Le marché tunisien absorbe 2 millions de litres quotidiennement en automne, en hiver et au printemps contre 2,2 millions de tonnes en été, en raison de la hausse de la fréquentation touristique. Ces besoins sont majoritairement couverts par la production nationale. Mais les pénuries récurrentes sont le symptôme d’une filière laitière à bout de souffle. Le secteur est mal en point depuis des années à cause de la hausse du prix mondial de l’alimentation animale, à base de maïs et de soja importés. Cette augmentation atteint de 30 % à 40 % par an du fait de la guerre en Ukraine.

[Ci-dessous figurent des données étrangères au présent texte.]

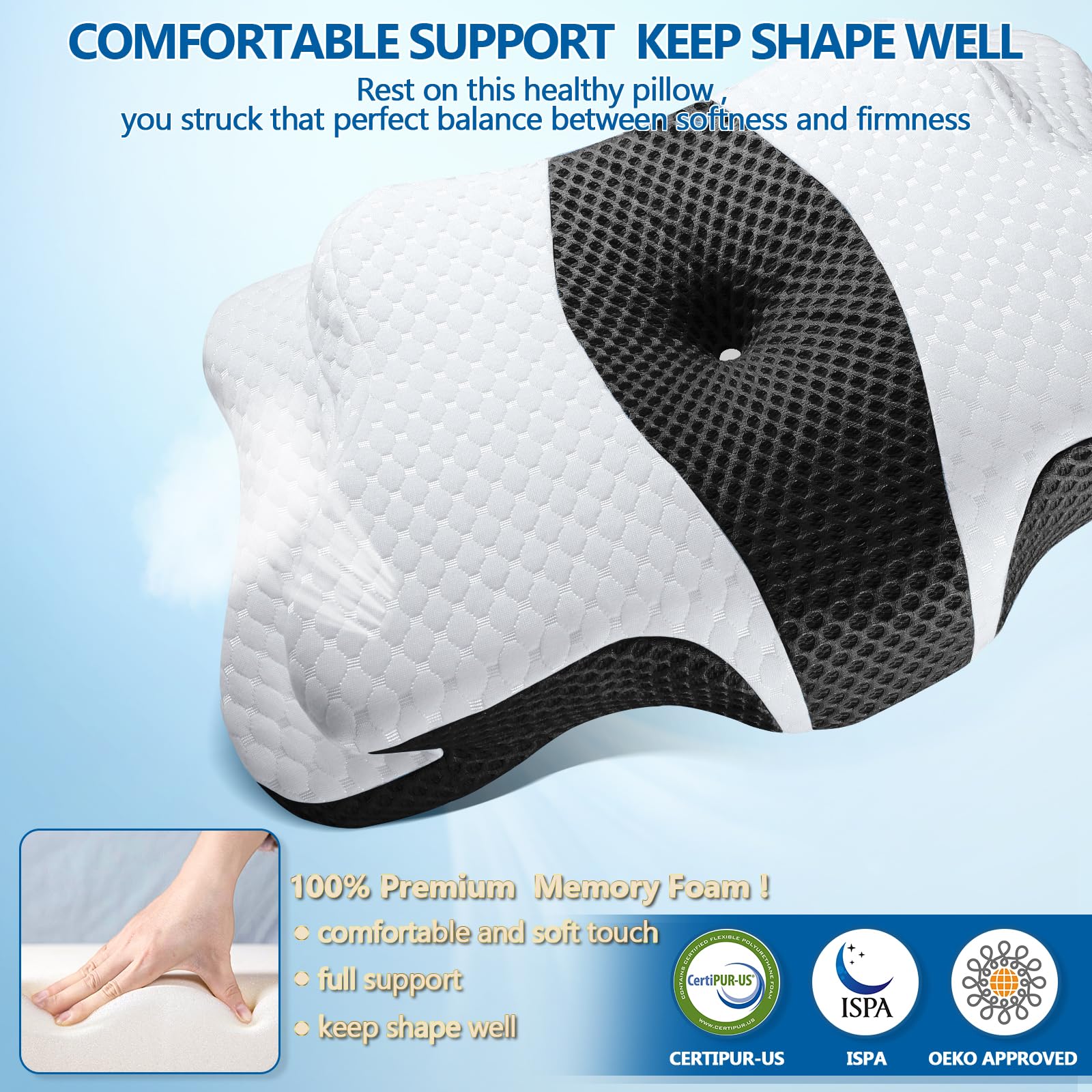 CHxxy on a bed with user illustrating improved sleep posture and relief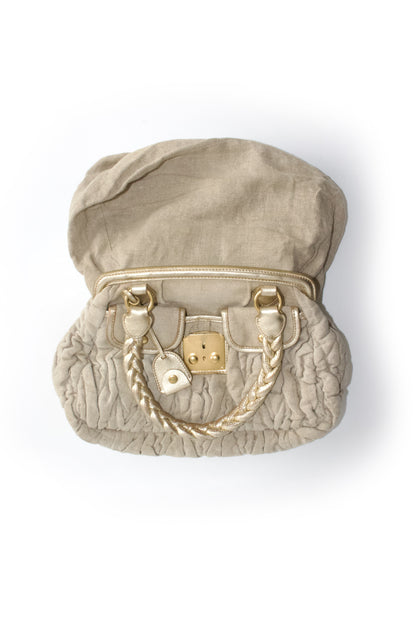 Miu Miu FW 2006 beige-gold canvas matelassé Coffer handbag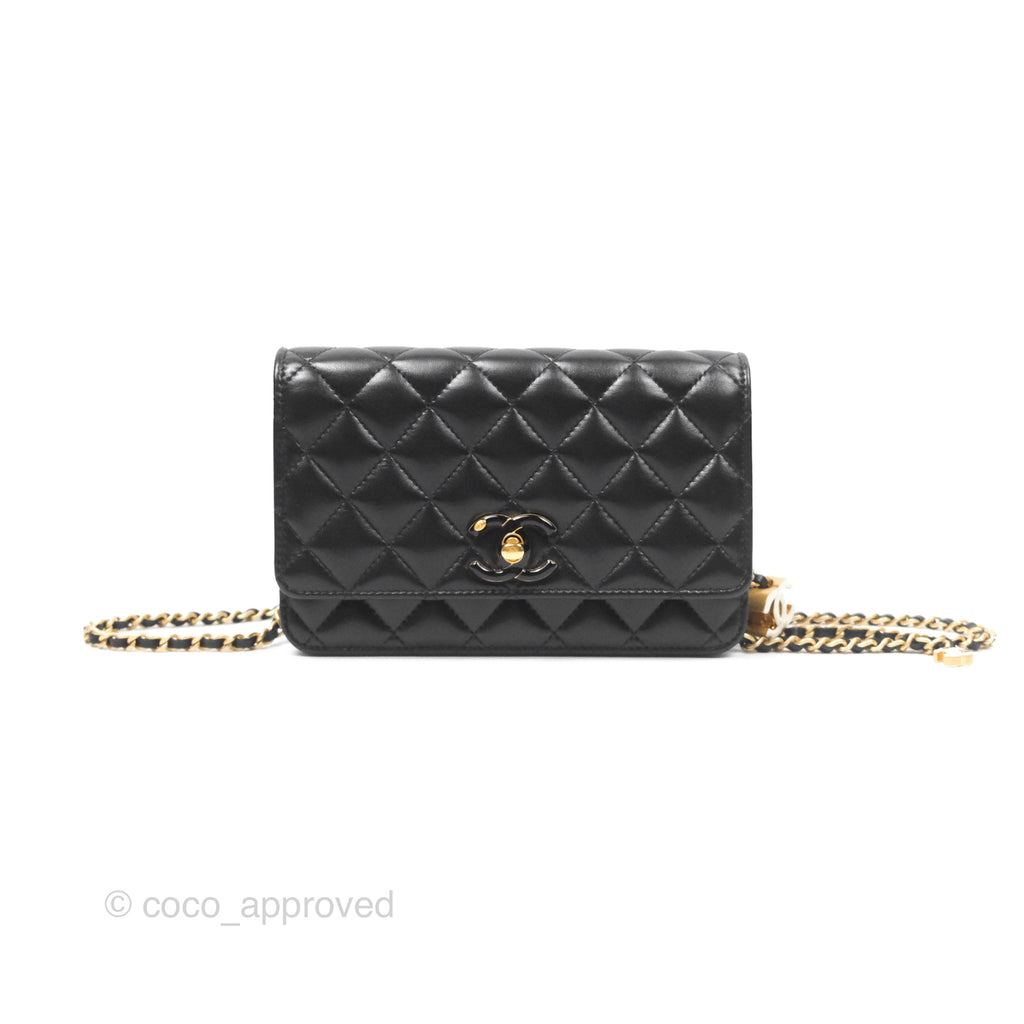 Chanel Quilted WOC Adjustable Chain Black Shiny Lambskin Aged Gold Hardware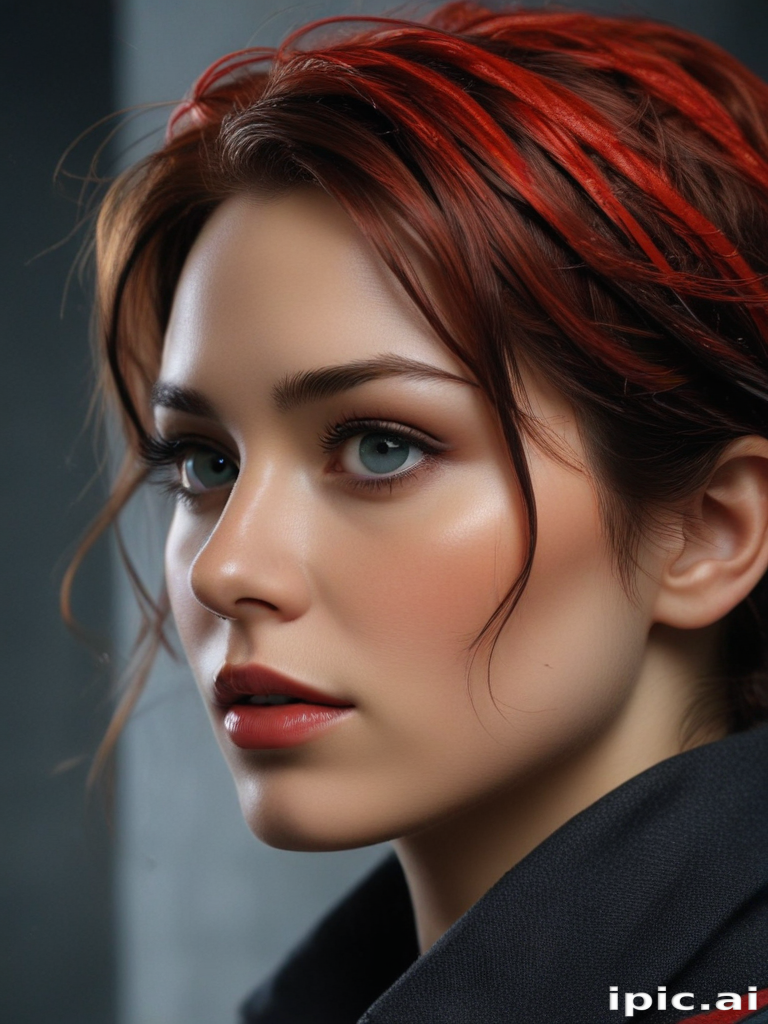Close-up Portrait of a Young Woman with Striking Red Hair and Green Eyes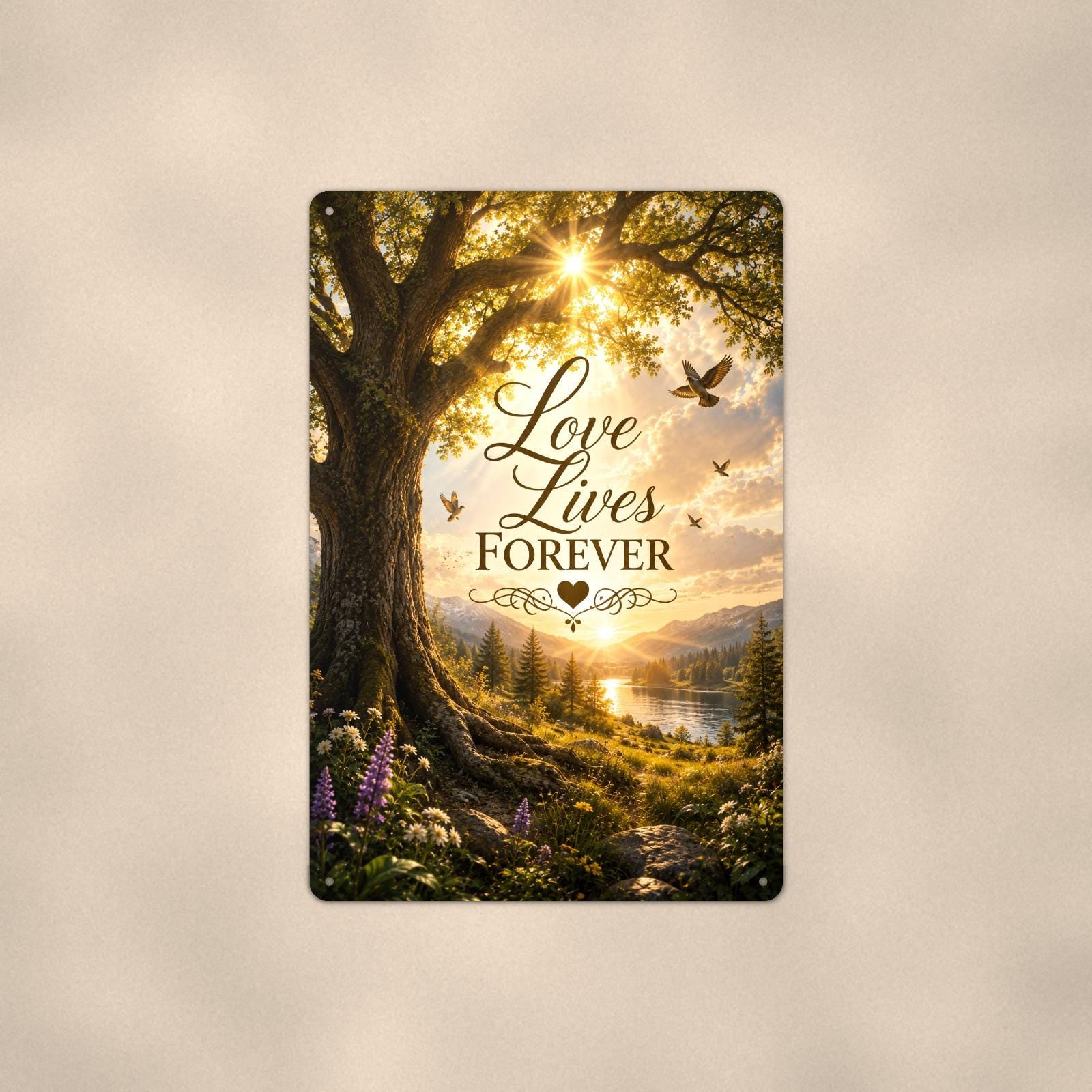 Old oak tree over the valley memorial art titled "Love Lives Forever" on a 8x12 inch sublimated aluminum sign with rounded corners and mounting holes, shown straight on against a warm neutral wall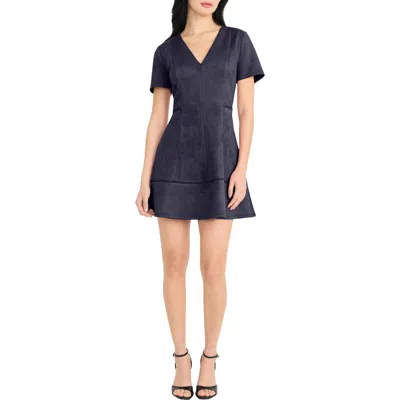 Donna Morgan For Maggy Short Sleeve Faux Suede Fit & Flare Minidress In Blue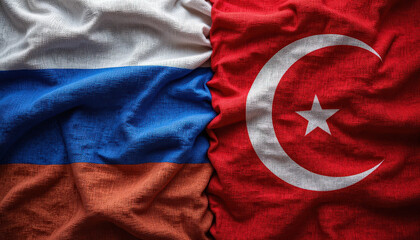 Diplomatic relations between russia and turkey international context flags displayed political environment close-up view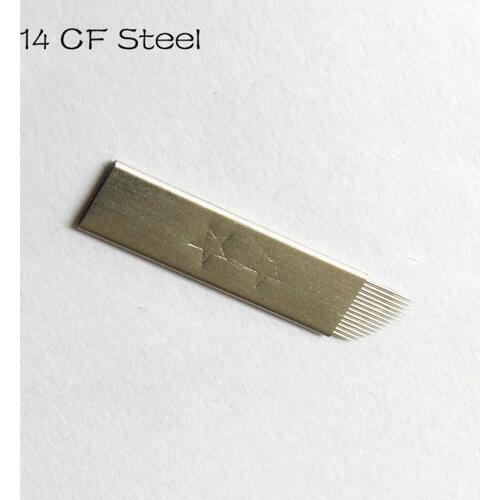 Steel Microblading Needles 14CF Permanent Makeup Manual Eyebrow Blade 14 pin Pin type individually sterile wrapped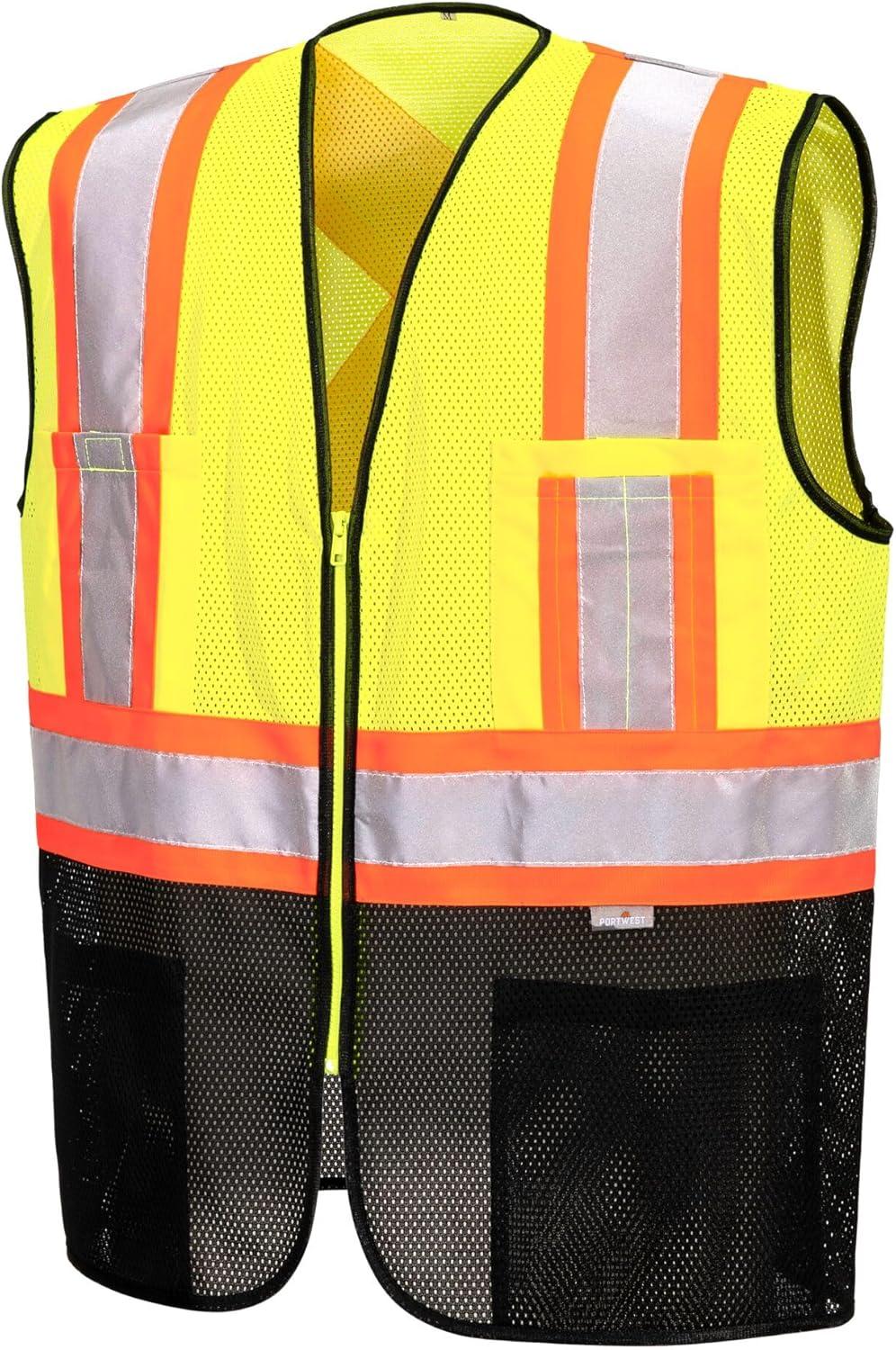 image:imagePortwest US395 Frisco Hi Vis X Back Contrast Executive Vest Black Mesh Safety Waistcoat Reflective High VisibilityYellowBlack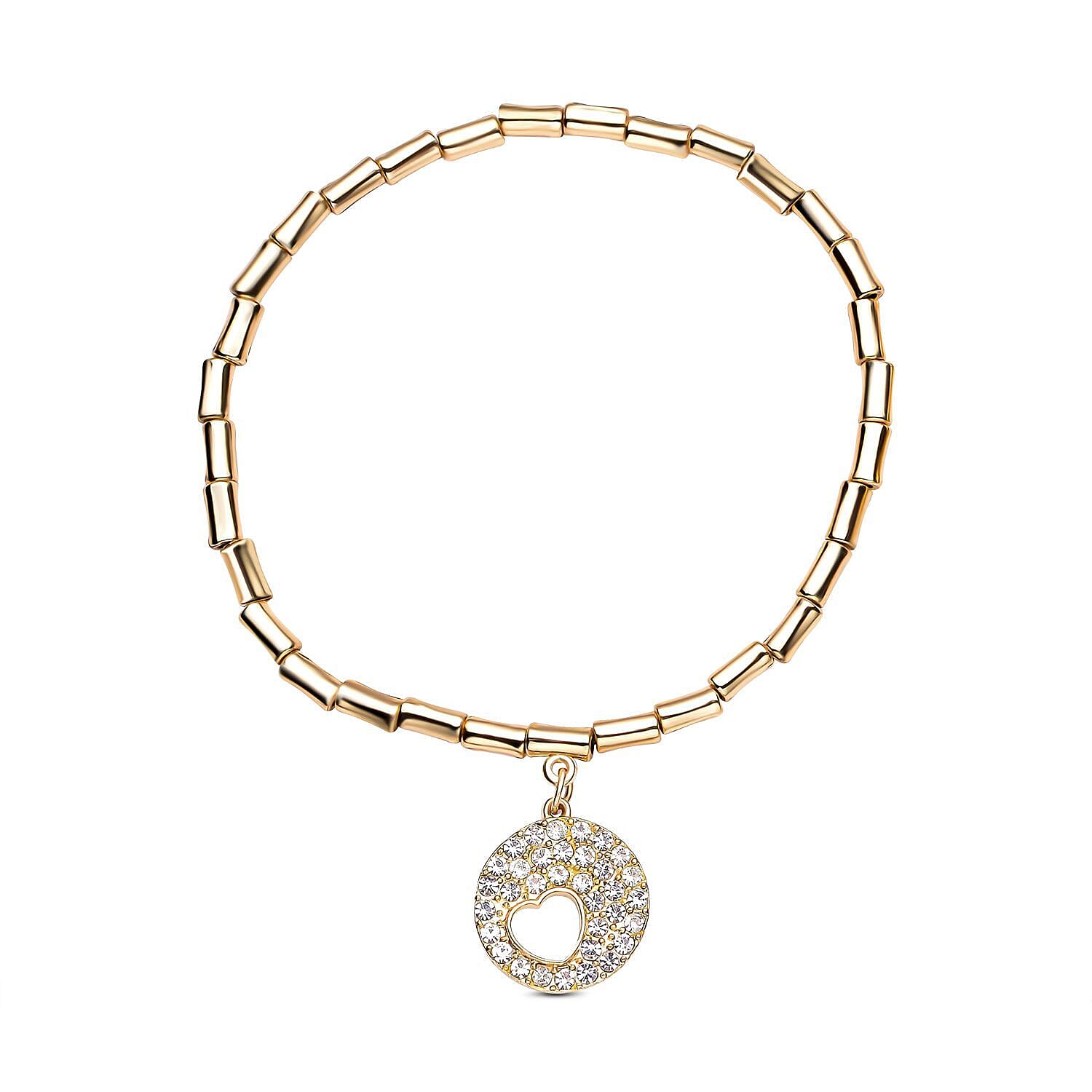 Set of 3 - White Austrian Crystal Heart, Circle of Life & Planet Charm Stretchable Bracelet (Size 7.5) in Yellow Gold Tone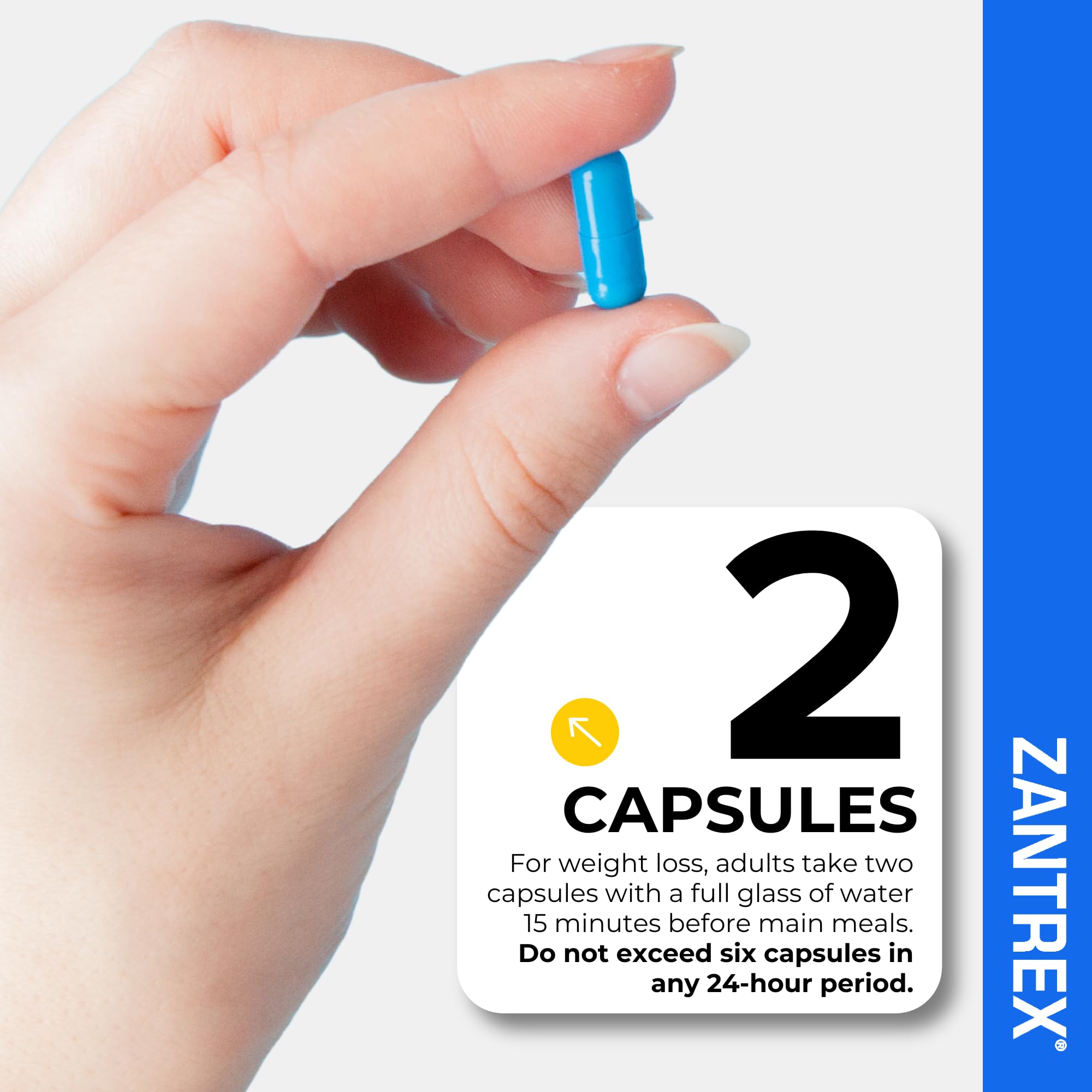 Zantrex envase junto a desayuno saludable apoyando estilo de vida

Les difficultés sont accentuées par la sécheresse qui sévit depuis plusieurs années et compromet la céréaliculture et les autres cultures fourragères, avec des barrages remplis au maximum à 30%.
Par ailleurs, une partie de la production laitière est acheminée via des circuits parallèles vers la Libye voisine. Les experts estiment cependant que ce marché noir ne représente désormais que moins de 5% de la production nationale.
Des éleveurs contraints de se séparer d’une partie de leur cheptel
Face à la hausse des prix des fourrages, les éleveurs se trouvent obligés de se séparant d’une partie de leurs bêtes pour limiter la casse. La vente d’une partie de cheptel à des bouchers locaux ou à des éleveurs algériens constitue une solution pour adapter le stock de fourrage au nombre de vaches.
Selon l’Utap, les troupeaux tunisiens se sont réduits de 18 % durant l’été 2023 comparativement à la même période de 2022.
Les professionnels du secteur estiment aujourd’hui que l’Etat, qui avait soutenu énergiquement l’émergence d’une filière lait nationale après l’indépendance, doit désormais reprendre l’initiative pour éviter un effondrement total de la filière laitière.
Jusqu’ici, l’Etat a pris deux mesures qui se sont avérées insuffisantes pour sauver la filière. Il s’agit en premier lieu de la levée des taxes sur l’importation de lait en poudre instaurée par la loi de finances 2023, au risque de concurrencer la production locale, et de l’augmentation des prix du lait à la production de 200 millimes, à 1340 millimes le litre, décidée en mars dernier par le ministère de l’Agriculture, de la pêche et des ressources hydriques.
L’Utap a cependant réclamé en mai dernier une nouvelle augmentation de pas moins de 500 millimes du prix à la production, afin que les éleveurs ne vendent plus le lait à perte et ne se trouvent plus obligés de réduire leur cheptel d’une année à l’autre.
Le syndicat agricole plaide également pour l’utilisation des eaux traitées pour l’irrigation des cultures fourragères et limiter l’envolée des prix des divers produits d’alimentation animale durant les prochaines années.